In this case appellant argues that Officer Oppelt’s testimony concerning Ms. Smith’s startled reaction was designed to show Ms. Smith believed her assailant was one of the men in the line-up and admitted to prove the truth of that belief. The belief cannot be challenged through cross-examination because Ms. Smith is not on the stand.

Neither the parties nor this court’s own research has uncovered any Missouri case-law discussing this non-assertive conduct hearsay theory.1 This court, however, finds that in this case Officer Oppelt’s testimony should not be considered hearsay.

A primary evil of hearsay evidence is inability of opposing counsel to test the declarant’s veracity through cross-examination.

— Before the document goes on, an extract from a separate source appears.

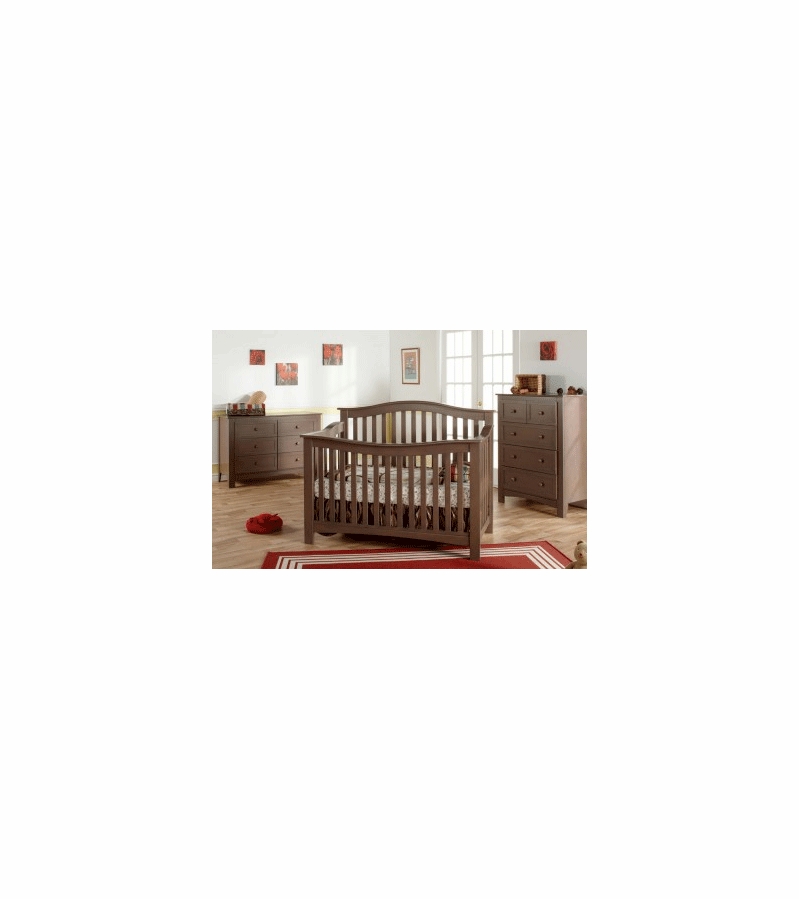 Pali Bolzano 3 Piece Nursery Set in Earth Crib, Double Dresser & 5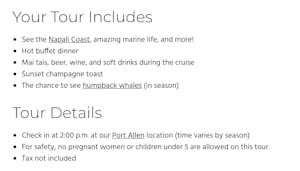 screenshot of tour inclusions and details listed in bullet points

See, State v. Kirkland, 471 S.W.2d *63191, 193[1] (Mo.1971); State v. Chernick, 280 S.W.2d 56, 60[5, 6] (Mo.1955). In this case, however, Ms. Smith did not intend for her actions to communicate an assertion to Officer Oppelt. Whether Ms. Smith intended to communicate truthfully therefore is not an issue that needs to be tested by cross-examination. Thus, the potential harm from permitting Officer Oppelt’s testimony is much less than in the case of normal hearsay assertions, and the probative value of the evidence outweighs this relatively small potential for harm. This is especially true in light of the spontaneity of Ms. Smith’s reaction.

The Federal Rules of Evidence agree with this court’s analysis and permit testimony relating non-assertive conduct. Fed. R.Evid. 801(a)(2). The Advisory Committee’s basis for admitting this evidence is similar to this court’s analysis:

“Admittedly evidence of this character is untested with respect to the perception, memory, and narration (or their equivalents) of the actor, but the Advisory Committee is of the view that these dangers are minimal in the absence of an intent to assert and do not justify the loss of the evidence on hearsay grounds. No class of evidence is free of the possibility of fabrication, but the likelihood is less with nonverbal than with assertive verbal conduct. The situations giving rise to the non-verbal conduct are such as virtually to eliminate questions of sincerity.”

Fed.R.Evid. 801 advisory committee note.

This court holds that Officer Oppelt’s testimony was not hearsay and the trial court did not err in admitting that testimony.

The judgment is affirmed.

REINHARD, P. J., and CRIST, J., concur.

. Appellant cites State v. Valentine, 587 S.W.2d 859 (Mo. banc 1979) and State v. Johnson, 538 S.W.2d 73 (Mo.App.1976) to support his position. In these cases, however, the witness tried to infer the truth of a statement made by an out of court declarant without quoting the statement. Neither case addresses the issue of testimony relating non-assertive conduct.